╭─ Input data

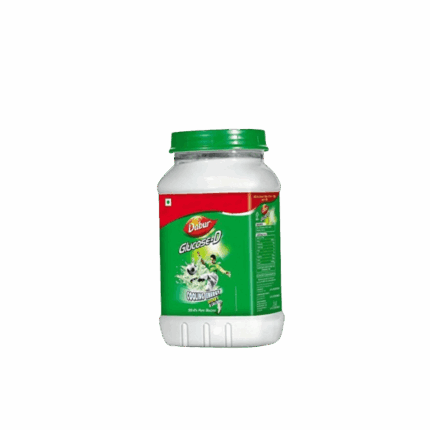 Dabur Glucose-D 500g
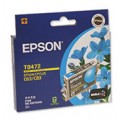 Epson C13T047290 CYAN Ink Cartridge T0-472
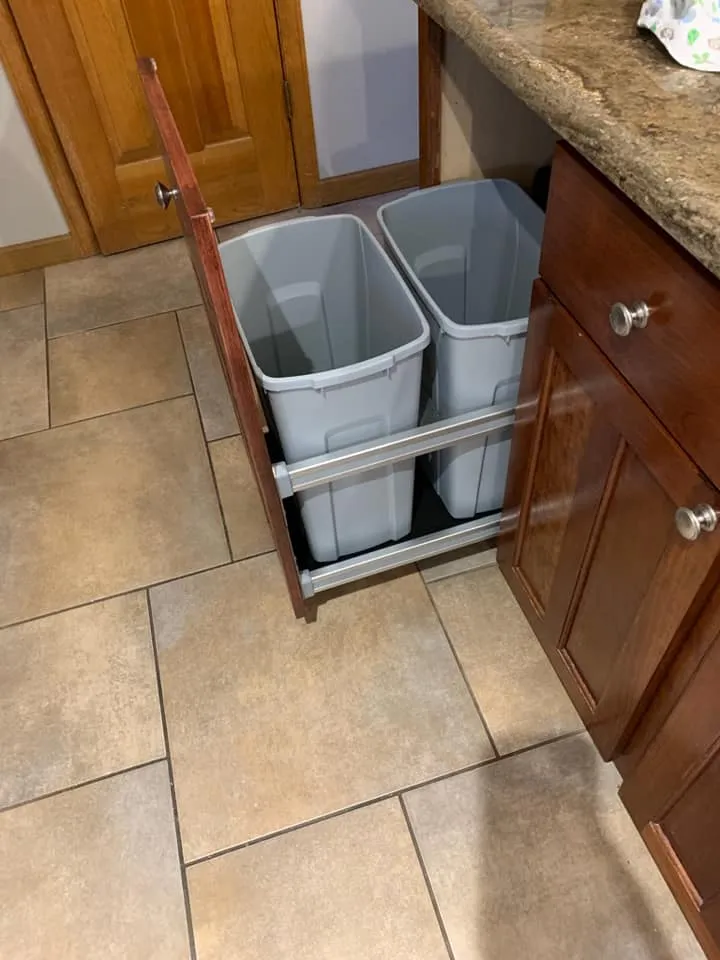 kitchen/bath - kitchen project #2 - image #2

╰─

* **Task item**
Leaving out only the pictures, return the material above unchanged.

* **Solution to the exercise**
 Dabur Glucose-D 500g
 Epson C13T047290 CYAN Ink Cartridge T0-472
 kitchen/bath - kitchen project #2 - image #2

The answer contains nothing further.